3. Build Good Relationships
Develop positive relationships with school personnel, to the greatest extent possible. Ask questions. Ask your child's team to explain things you do not understand. Don't assume you should know something just because it seems everyone else around the table does. 
If a meeting is not productive, ask for it to be rescheduled or take a ten minute break.  If you feel a meeting may be adversarial, you can take an advocate with you to be another set of ears for you.  The main thing is to control your emotions.  In more cases than not, everyone in the meeting wants what is best for the special needs student.  The paths that are taken may be the sticking point. 
4. Document Issues & Concerns
This is an area, in my experience as a principal and parent, people usually neglect.  Documentation is critical for parents.  If you have a concern, don't let it go just because the meeting is over or you feel "outnumbered."  Remember, you are a part of a TEAM of people serving your child.  Ask that items and issues you feel strongly about be documented in the meeting summary or notes. Review the summary before you leave the meeting. Then be sure you see it in the meeting minutes or the IEP final document.  Know your rights about amending your child’s records.
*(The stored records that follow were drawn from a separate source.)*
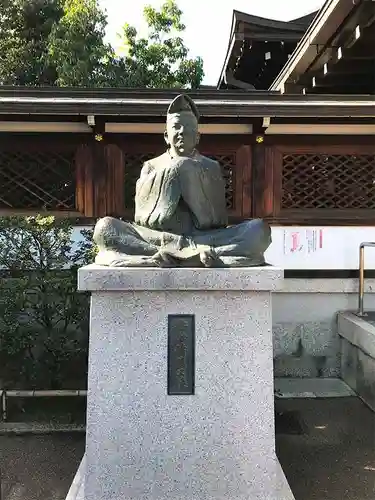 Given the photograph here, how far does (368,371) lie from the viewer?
19.0ft

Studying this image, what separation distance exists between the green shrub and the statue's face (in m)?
2.24

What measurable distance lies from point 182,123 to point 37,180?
387 cm

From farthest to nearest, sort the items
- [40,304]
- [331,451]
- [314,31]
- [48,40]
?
[48,40], [314,31], [40,304], [331,451]

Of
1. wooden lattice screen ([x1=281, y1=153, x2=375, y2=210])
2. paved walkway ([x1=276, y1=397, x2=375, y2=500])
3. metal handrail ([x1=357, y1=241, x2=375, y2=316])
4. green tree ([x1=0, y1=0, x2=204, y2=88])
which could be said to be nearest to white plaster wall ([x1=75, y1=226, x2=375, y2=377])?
metal handrail ([x1=357, y1=241, x2=375, y2=316])

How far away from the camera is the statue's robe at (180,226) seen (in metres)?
3.43

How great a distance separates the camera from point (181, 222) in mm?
3648

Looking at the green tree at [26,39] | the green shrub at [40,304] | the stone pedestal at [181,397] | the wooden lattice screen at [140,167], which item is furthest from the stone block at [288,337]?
the green tree at [26,39]

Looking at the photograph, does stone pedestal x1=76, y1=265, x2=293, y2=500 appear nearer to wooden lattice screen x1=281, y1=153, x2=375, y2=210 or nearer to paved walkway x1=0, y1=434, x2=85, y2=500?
paved walkway x1=0, y1=434, x2=85, y2=500

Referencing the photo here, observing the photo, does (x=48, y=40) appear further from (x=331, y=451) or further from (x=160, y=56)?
(x=331, y=451)

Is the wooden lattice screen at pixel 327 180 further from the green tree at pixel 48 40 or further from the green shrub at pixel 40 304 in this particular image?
the green tree at pixel 48 40

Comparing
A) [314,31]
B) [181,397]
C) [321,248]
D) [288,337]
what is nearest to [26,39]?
[314,31]

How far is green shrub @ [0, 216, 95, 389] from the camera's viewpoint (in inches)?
211

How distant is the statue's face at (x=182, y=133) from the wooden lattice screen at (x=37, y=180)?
11.3ft

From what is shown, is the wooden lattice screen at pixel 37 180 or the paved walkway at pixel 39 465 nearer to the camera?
the paved walkway at pixel 39 465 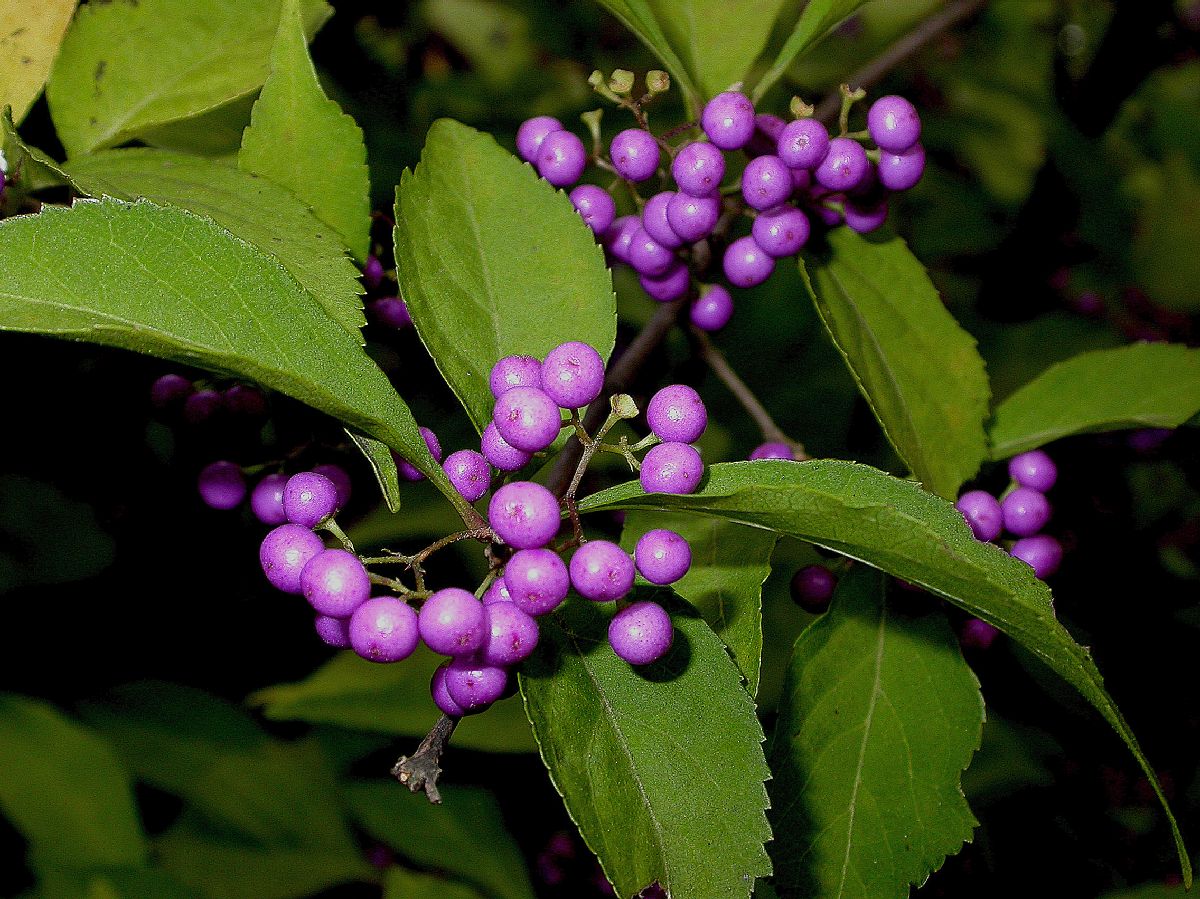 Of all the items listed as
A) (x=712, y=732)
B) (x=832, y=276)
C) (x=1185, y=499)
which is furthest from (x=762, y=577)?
(x=1185, y=499)

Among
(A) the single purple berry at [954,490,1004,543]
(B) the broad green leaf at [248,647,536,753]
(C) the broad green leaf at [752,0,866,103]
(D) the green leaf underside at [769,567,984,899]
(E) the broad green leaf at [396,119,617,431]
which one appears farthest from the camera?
(B) the broad green leaf at [248,647,536,753]

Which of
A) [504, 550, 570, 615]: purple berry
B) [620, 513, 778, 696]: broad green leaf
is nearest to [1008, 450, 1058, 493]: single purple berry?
[620, 513, 778, 696]: broad green leaf

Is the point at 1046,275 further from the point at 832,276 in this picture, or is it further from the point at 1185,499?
the point at 832,276

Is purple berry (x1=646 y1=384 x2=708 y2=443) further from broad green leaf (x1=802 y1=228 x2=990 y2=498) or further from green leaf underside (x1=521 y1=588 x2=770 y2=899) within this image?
broad green leaf (x1=802 y1=228 x2=990 y2=498)

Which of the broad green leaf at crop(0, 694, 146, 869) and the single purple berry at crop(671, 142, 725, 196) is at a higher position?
the single purple berry at crop(671, 142, 725, 196)

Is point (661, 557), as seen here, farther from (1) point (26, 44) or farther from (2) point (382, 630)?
(1) point (26, 44)

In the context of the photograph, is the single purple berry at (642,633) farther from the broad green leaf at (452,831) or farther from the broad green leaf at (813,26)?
the broad green leaf at (452,831) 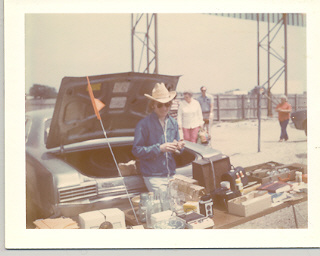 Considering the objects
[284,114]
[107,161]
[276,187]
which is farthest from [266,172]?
[107,161]

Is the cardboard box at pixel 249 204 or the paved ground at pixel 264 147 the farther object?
the paved ground at pixel 264 147

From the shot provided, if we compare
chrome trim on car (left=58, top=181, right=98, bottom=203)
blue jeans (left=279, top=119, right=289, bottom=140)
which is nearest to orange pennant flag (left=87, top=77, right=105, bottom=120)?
chrome trim on car (left=58, top=181, right=98, bottom=203)

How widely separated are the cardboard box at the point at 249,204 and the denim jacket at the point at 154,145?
1.92 feet

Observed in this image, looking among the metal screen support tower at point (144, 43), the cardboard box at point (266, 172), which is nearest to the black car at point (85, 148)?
the metal screen support tower at point (144, 43)

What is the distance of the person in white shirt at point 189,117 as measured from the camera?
8.80 feet

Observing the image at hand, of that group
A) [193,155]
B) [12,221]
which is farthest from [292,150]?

The bottom line is that your child's education and well being are the focus of any IEP meeting.  A parent is a critical member of the IEP team.  As a parent, you may feel you need someone with you to help support you as you advocate for your child.  This is okay.  Seek someone who can be an extra set of ears and eyes for you.  Seek someone you can count on to help you maintain emotional control and help you document the meeting minutes.

Leslie Seid Margolis, Esq. is a managing attorney with the Maryland Disability Law Center (MDLC), a private, non-profit organization staffed by attorneys and paralegals. MDLC is the Protection and Advocacy organization for Maryland. Much of this article was taken from an article of hers found in a Wright's Law bulletin.